My Old Testament reading for today from I Kings 19 recounts how the prophet Elijah became so discouraged that he wanted to die.  Queen Jezebel had declared him a dead man for wiping out her prophets to Baal.  Elijah runs down to Mt. Horeb and hides in a cave, complaining that he is the only one in all Israel who still is faithful to God.  “Poppycock,” says God, “I’ve still got 7,000 people who haven’t bowed to Baal.  Get out of the cave I’ve got stuff for you to do.”

Consider Moses, God “volunteered” him lead to his people out of Egyptian slavery.  In Numbers 11, Moses gets fed up. “God, you gave birth to these people, but you’ve made me their nursemaid to carry them like babies to their new home.  If this is the way you’re going to treat me, just kill me.”  Yahweh directed him to bring seventy of the leaders and God gave them some of Moses spirit to help oversee the people.  Not that things were all hunky dory after that.  The next thing we know, his brother and sister, Miriam and Aaron, started undercutting him.

The prophet Isaiah answered God’s call, “Here am I send me.
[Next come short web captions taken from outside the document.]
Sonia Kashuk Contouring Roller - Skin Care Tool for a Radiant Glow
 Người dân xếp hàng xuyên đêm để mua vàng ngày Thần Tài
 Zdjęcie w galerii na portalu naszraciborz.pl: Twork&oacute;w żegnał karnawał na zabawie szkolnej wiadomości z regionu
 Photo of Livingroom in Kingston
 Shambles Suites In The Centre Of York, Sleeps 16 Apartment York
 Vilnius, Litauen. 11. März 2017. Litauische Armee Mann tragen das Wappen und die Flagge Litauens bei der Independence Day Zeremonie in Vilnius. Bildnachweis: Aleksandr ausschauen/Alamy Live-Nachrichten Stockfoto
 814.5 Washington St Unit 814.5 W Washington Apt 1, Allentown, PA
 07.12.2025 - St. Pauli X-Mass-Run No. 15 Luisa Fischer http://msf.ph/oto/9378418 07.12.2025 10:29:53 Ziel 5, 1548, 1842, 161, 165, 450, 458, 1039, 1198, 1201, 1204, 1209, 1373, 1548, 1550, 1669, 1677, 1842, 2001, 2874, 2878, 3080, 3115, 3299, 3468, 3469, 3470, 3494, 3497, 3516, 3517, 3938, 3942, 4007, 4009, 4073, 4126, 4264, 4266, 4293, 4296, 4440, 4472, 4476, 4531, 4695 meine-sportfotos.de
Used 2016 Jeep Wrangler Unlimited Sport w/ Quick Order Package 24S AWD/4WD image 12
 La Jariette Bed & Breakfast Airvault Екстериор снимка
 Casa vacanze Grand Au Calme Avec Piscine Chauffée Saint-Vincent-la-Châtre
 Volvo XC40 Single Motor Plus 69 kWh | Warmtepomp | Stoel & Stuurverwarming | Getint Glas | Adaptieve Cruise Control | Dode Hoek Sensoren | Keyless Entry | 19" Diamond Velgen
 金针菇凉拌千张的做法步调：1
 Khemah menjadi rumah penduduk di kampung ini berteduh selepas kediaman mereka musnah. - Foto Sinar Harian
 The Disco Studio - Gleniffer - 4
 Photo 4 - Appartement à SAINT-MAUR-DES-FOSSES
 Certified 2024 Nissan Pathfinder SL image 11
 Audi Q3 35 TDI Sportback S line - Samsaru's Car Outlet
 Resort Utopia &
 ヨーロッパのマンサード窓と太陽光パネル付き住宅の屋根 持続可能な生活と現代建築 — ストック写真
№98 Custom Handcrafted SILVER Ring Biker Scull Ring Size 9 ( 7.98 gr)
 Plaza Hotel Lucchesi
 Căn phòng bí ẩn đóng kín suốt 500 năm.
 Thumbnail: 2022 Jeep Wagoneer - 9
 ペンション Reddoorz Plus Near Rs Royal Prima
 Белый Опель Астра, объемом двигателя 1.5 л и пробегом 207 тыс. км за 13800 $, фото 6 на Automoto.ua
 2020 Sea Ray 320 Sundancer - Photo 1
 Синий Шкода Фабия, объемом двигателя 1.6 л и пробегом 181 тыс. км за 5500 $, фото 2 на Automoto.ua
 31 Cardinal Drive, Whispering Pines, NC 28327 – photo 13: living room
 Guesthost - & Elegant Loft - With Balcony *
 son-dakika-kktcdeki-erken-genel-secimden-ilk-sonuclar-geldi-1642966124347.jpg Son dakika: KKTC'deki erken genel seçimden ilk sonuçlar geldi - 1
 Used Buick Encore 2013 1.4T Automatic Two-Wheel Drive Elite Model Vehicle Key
Send me.” God told him that his ministry would involve preaching to people who would not listen to him. (Isaiah 6).  At some point Isaiah became discouraged and confessed his failure as a prophet to Israel.  God answered, “You know what? You need a bigger job.  I’m making you a prophet to the nations, (Is. 49).”

It was the same with Jeremiah, who accused God of deceiving him.  He determined not to speak the word of the Lord any longer.  The Lord told him that he should stop complaining and say something worthwhile and just do the job he was called to do.

I don’t mean by this that congregations should make their pastor’s life miserable and not care for their pastor, but pastors also must realize that success, as the world, and even the church measures success is not the way God measures things.  God measures by faithfulness, both on the part of his people and on the part of their God – called leaders.